This knowledge article may contain information that does not apply to version 21.05 or later which runs in a container environment. Please refer to
Article Number 000385088 for more information about troubleshooting BMC products in containers.
Legacy ID:KA372871
Note: This article applies for versions 8.x and lower since AR Server is C based.
For versions higher than 8.x please check the following article below:
Remedy - Server - How the NumberOfConnections are getting established by the ARAdmin user in the database?
The arserver product is multithreaded and each thread creates and maintains a dedicated database login.
So ARAdmin is a default schema owner of AR System tablespace in the database.
If for example AR System opens 20 threads with the database then you will see roughly 20 connections created by ARAdmin user with database separately.
Since we have 1=1 relationship, each database connection is opened when the thread starts and will not be closed until the thread terminates -- usually when the remedy application process is shutdown.

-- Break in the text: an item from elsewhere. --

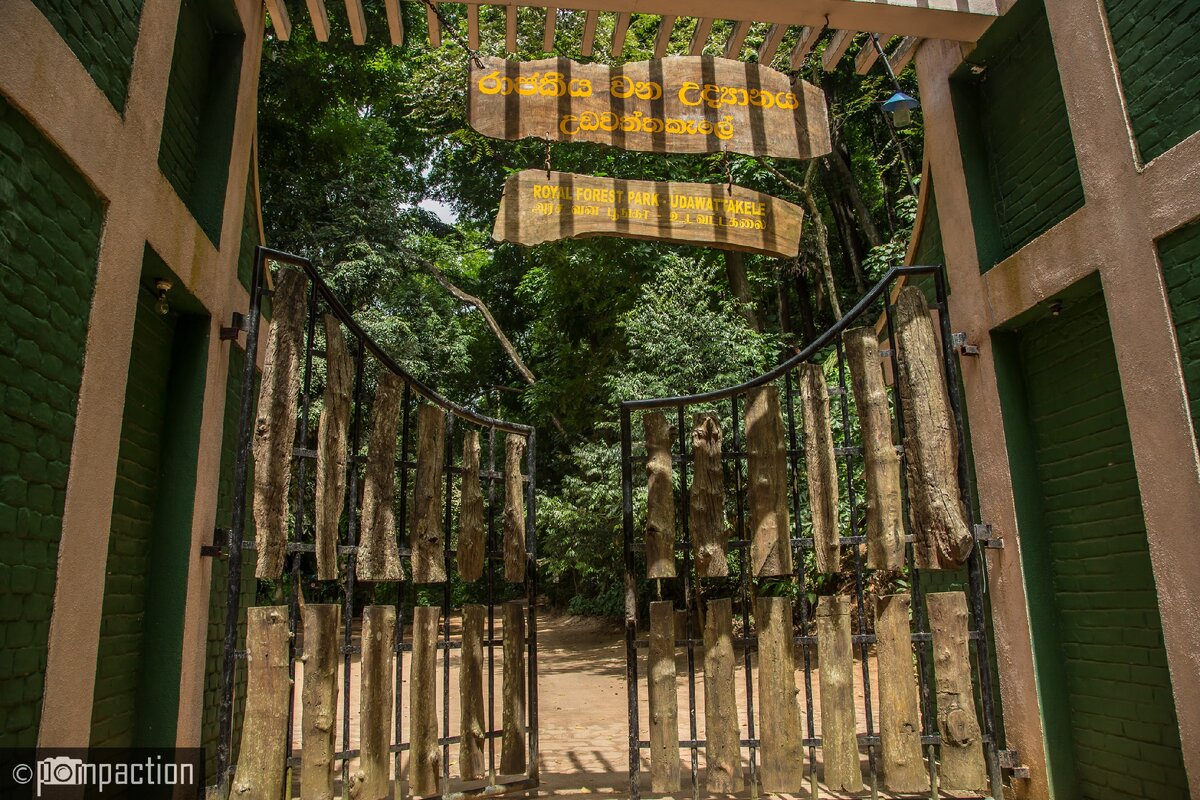 Вход в лес, касса находится слева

AR System does not use SQL Server connection pooling and arserver does not generates keepalives directly, this would be something done by the database client software:
Remedy cannot hold the connections if they are closed from database or somewhere in network.
As mentioned above AR System opens the connection to the database via the client software. The connection would only be closed if thread dies or our application service is shutdown.
There is no way to keep connection open with database even it is already closed by database.
Whenever there is closure in connection or the Database refuses more connections then we will get a timeout or database not available error message .
AR System does not manage connections with the database. When Remedy service stops then we expect that all connections should be closed by database automatically.
So having said this:
- Arserver starts, AR System makes a request to the database client software.
- Then sends a request to database server on Remedy Server's behalf and it returns back via the same channel.
- It opens number of SQL connections and keep them alive.
- When arserver needs to retrieve data from the Database, it will grab one of the connections (threads) and use it.
- If any thread is not being used by the Remedy application then that thread connection is kept in idle state in the database until any activity is triggered by same thread, then Remedy re-uses the connection.
- Whereas AR System does not open or close connections so frequently unless there is any failure in connection (like a Remedy thread dies on its own or there is a connectivity problem between Remedy and the Database server ).
- If any error is returned due to database connection or of any kind then related error will be displayed in remedy error logs. In other word we just trap the errors in arerror.log and not generating them.
Example:
Note: assuming ARAdmin is the Database user:
SQL> select sid, spid from v$session s, v$process p where s.paddr = p.addr and s.username like 'AR%';
SID SPID
---------- ------------
142 4023
151 4153
132 4167
135 4174
140 4176
131 4183
153 4185
138 4187
145 4189
139 4192
128 4194
SID SPID
---------- ------------
143 4202
136 4204
134 4208
133 4212
127 6729
129 8707
- 17 rows selected. Which means 17 connections (sessions) to the database by the ARAdmin user.
The correlation with ar.conf/ar.cfg can be found by checking in the AR Server side.
[root@vm-rlnx-rds562 conf]# grep RPC- ar.conf
Plugin-Loopback-RPC-Socket: 390626
Private-RPC-Socket: 390601 1 1
Private-RPC-Socket: 390603 1 1
Private-RPC-Socket: 390620 2 6
Private-RPC-Socket: 390626 2 2
Private-RPC-Socket: 390635 2 3
Explanation:
390600 - Admin thread 1 connection
390601 - Alert thread 1 connection
390603 - Escalation thread - 1 connection
390620 - Fast queue thread - 6 connection
390635 - List queue thread - 3 connection
390626 - Plugin Loopback socket - 2 connection
There will be 3 or 4 other threads to handle background processes.
1+1+1+6+3+2+3 = 17 connections made to database via the ARAdmin user.
Note: there are chances that you may see more or less threads depending on your firewall configuration/network configuration etc.
The actual connection made from AR Server to the database is done as a user called ARAdmin that exists within the database.
This is the case regardless of how many users are logged in through Remedy clients to the AR Server.